» PROBLEM STATEMENT: Note each line of the entries that includes "Grey". Then copy those lines.
== SOURCE DATA
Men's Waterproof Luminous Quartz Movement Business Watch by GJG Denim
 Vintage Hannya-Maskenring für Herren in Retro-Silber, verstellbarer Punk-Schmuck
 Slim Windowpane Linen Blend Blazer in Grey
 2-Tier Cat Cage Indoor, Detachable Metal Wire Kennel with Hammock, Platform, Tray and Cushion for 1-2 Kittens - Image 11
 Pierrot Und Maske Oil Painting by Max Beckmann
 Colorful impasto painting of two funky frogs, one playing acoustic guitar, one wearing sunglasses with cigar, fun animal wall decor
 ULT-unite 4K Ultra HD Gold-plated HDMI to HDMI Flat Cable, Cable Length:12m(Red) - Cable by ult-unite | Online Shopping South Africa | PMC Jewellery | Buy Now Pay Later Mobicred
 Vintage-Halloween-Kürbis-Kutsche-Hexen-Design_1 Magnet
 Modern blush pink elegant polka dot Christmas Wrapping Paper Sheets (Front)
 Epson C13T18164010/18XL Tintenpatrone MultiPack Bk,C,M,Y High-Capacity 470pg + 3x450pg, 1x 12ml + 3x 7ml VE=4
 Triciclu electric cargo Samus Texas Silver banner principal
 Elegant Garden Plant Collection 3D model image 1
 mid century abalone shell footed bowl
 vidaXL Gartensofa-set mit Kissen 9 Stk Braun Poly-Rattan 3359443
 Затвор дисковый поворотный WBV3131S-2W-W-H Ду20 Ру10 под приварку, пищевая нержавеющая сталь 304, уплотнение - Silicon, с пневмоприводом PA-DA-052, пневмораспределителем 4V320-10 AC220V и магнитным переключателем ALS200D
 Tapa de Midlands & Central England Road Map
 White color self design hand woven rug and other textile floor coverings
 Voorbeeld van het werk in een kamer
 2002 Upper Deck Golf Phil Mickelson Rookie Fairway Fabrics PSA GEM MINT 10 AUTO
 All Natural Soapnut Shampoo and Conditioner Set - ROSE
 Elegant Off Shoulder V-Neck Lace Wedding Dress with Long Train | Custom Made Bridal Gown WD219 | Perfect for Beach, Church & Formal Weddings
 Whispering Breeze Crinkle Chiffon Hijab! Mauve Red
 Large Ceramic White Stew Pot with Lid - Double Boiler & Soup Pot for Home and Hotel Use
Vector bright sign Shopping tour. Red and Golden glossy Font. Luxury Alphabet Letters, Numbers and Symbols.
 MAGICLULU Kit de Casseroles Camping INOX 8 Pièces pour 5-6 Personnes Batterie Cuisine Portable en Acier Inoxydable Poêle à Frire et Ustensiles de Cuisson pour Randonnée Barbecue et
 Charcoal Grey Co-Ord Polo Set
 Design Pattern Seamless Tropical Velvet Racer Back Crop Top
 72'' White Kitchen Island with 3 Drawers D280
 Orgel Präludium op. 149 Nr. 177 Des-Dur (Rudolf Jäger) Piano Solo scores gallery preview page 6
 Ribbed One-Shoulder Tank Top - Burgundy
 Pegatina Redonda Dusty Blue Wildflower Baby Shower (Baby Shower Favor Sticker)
====
» RESPONSE TO THIS TASK:
 Slim Windowpane Linen Blend Blazer in Grey
 Charcoal Grey Co-Ord Polo Set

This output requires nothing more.